In 1972, supporters of Benjamin Spock, presidential candidate of the Peoples Party, had filed a lawsuit to obtain write-in space for president on general election ballots in the District of Columbia. That case was called Kamins v Board of Elections, and was in the D.C. Court system, not the federal court system. The D.C. Court of Appeals said, “The Board was in error when it failed to count appellant’s vote…The fundamental nature of the right involved persuades us that construction of the statute in favor of the franchise is the course which we must follow.” On remand to the D.C. Superior Court, that lower court wrote, “Ordered, that the Defendant Board of Elections count the names of write-in candidates for President and Vice-President, provided said write-in candidate has a qualified slate of electors whose names and affidavits have been filed with the Defendant Board of Elections.”

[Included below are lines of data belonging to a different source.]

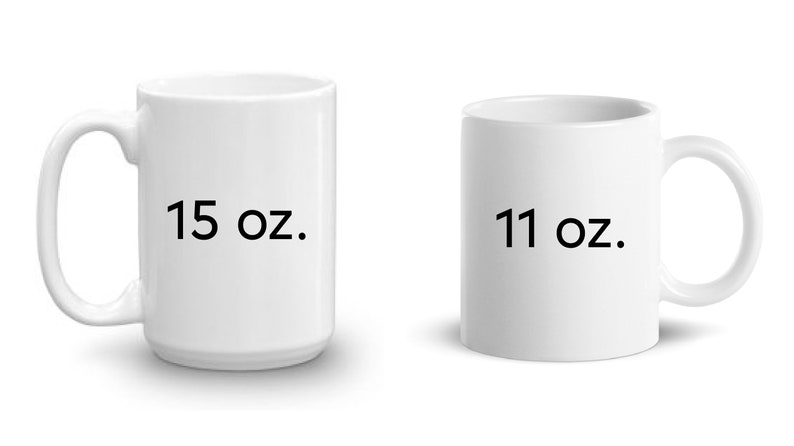 May include: Two white ceramic mugs, one with "15 oz." printed on it and the other with "11 oz." printed on it.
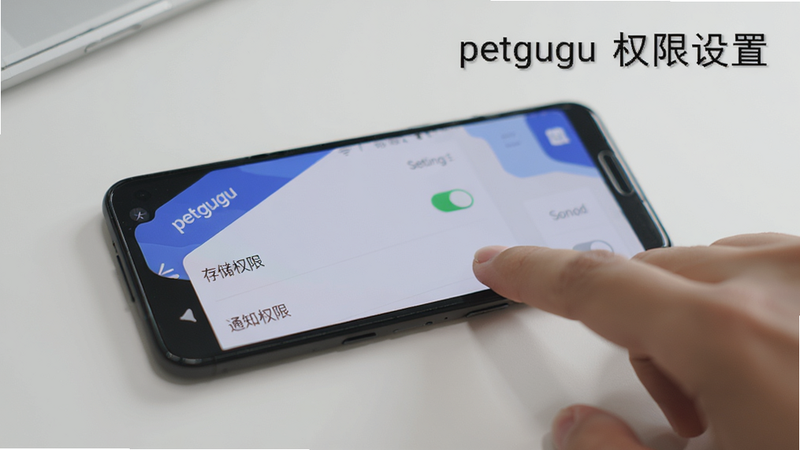 主体为一部安卓手机平放在桌面上,屏幕显示 petgugu 应用的设置页面,其中“存储权限”和“通知权限”开关处于开启状态,旁边有一只手正在点击,背景干净,风格写实,画质高,文字标注“petgugu 权限设置”。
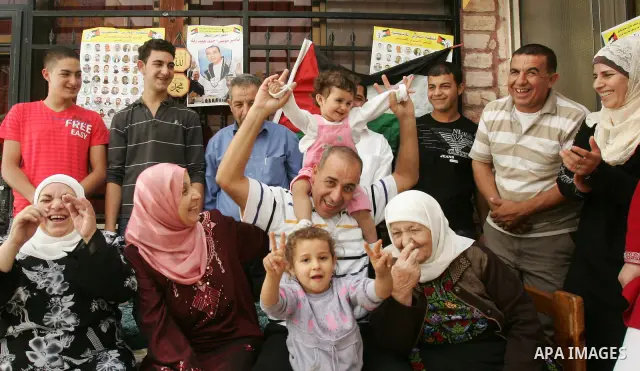 Freed Palestinian prisoner Nasser Abed Rabu is greeted by relatives and friends after her release from an Israeli jail in the East Jerusalem neighbourhood on October 22, 2011. The Palestinian Hamas movement exchanged Gil...
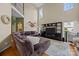 Spacious living room with hardwood floors, two-story ceilings, and a large sectional couch at 9038 Sandpiper Dr, Charlotte, NC 28277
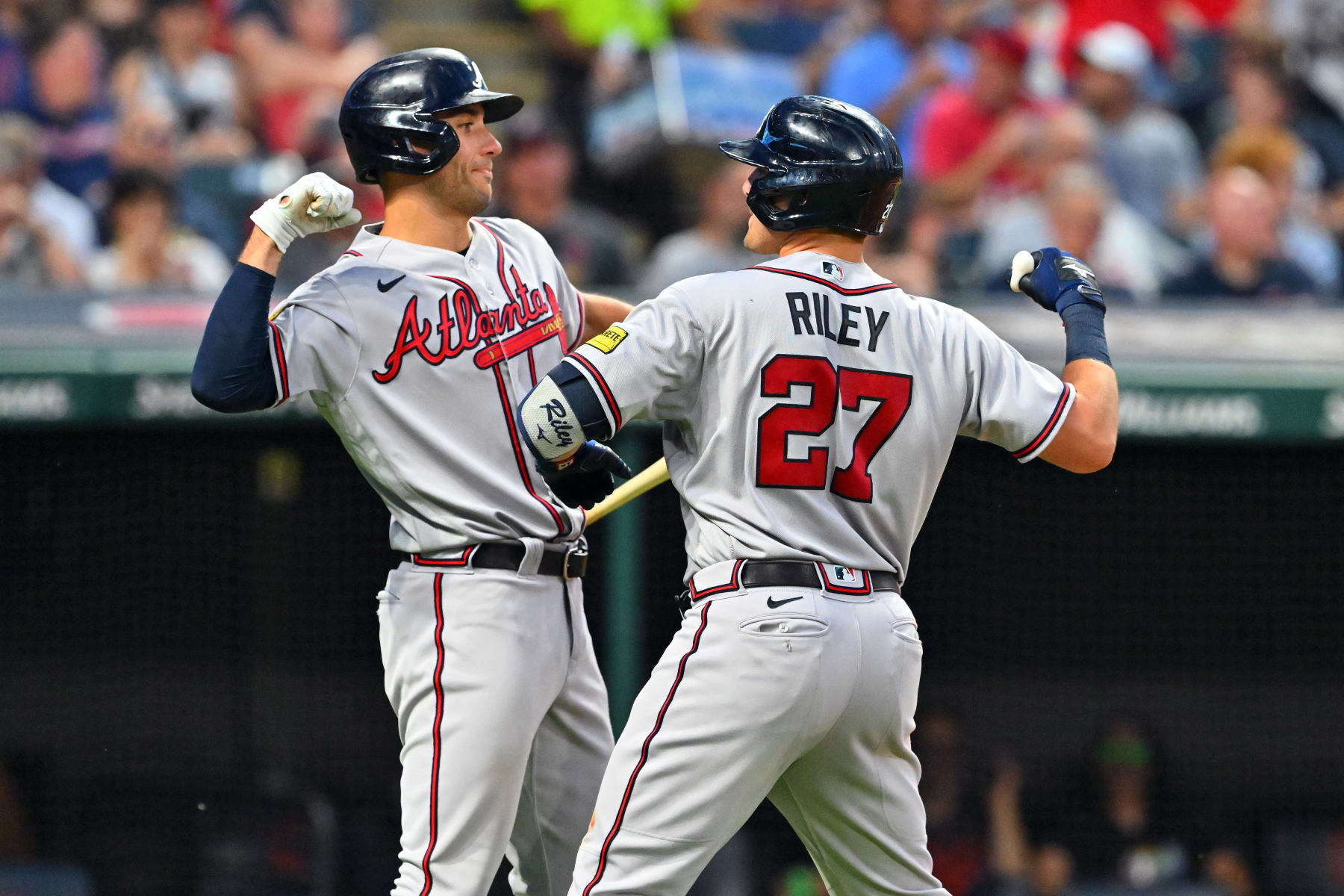 CLEVELAND, OHIO - JULY 05: Austin Riley #27 of the Atlanta Braves celebrates his solo homer with Matt Olson #28 in the seventh inning against the Cleveland Guardians at Progressive Field on July 05, 2023 in Cleveland, Ohio. (Photo by Jason Miller/Getty Images)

Notwithstanding that court order, the D.C. Board of Elections has never tallied the write-in votes for any write-in presidential candidate in the general election. After the Kamins decision, the Board passed a regulation saying only the total number of all presidential write-ins must be counted, and that no count need be made of how many write-ins any individual candidate received, unless the total number of write-ins showed a write-in candidate might have won.

Judge Howell ruled that the court order in Kamins was made obsolete by a 2004 decision of the D.C. Court of Appeals, Best v D.C. Board of Elections, 852 A.2d 915 (2004). That decision said the Board must count write-ins in the Green Party’s presidential primary, because the number of write-ins might have elected a delegate to the Green Party’s national convention. That decision did not involve the constitutionality of the ban on counting write-in votes for candidates who clearly didn’t win; it merely construed it, to say that the Green Party presidential primary write-ins must be counted because someone might actually have won on write-in votes. Yet Judge Howell said, “If the court (in the Best case) viewed the regulation as inconsistent with Kamins, it presumably would have said so.” That conclusion does not follow logically.

Judge Howell also said the regulation is constitutional, because the burden on the voters is “slight”, which is, of course, a value judgment. She did not mention Bush v Gore, which said, “Having once granted the right to vote on equal terms, the state may not, by later arbitrary and disparate treatment, value one person’s vote over that of another.”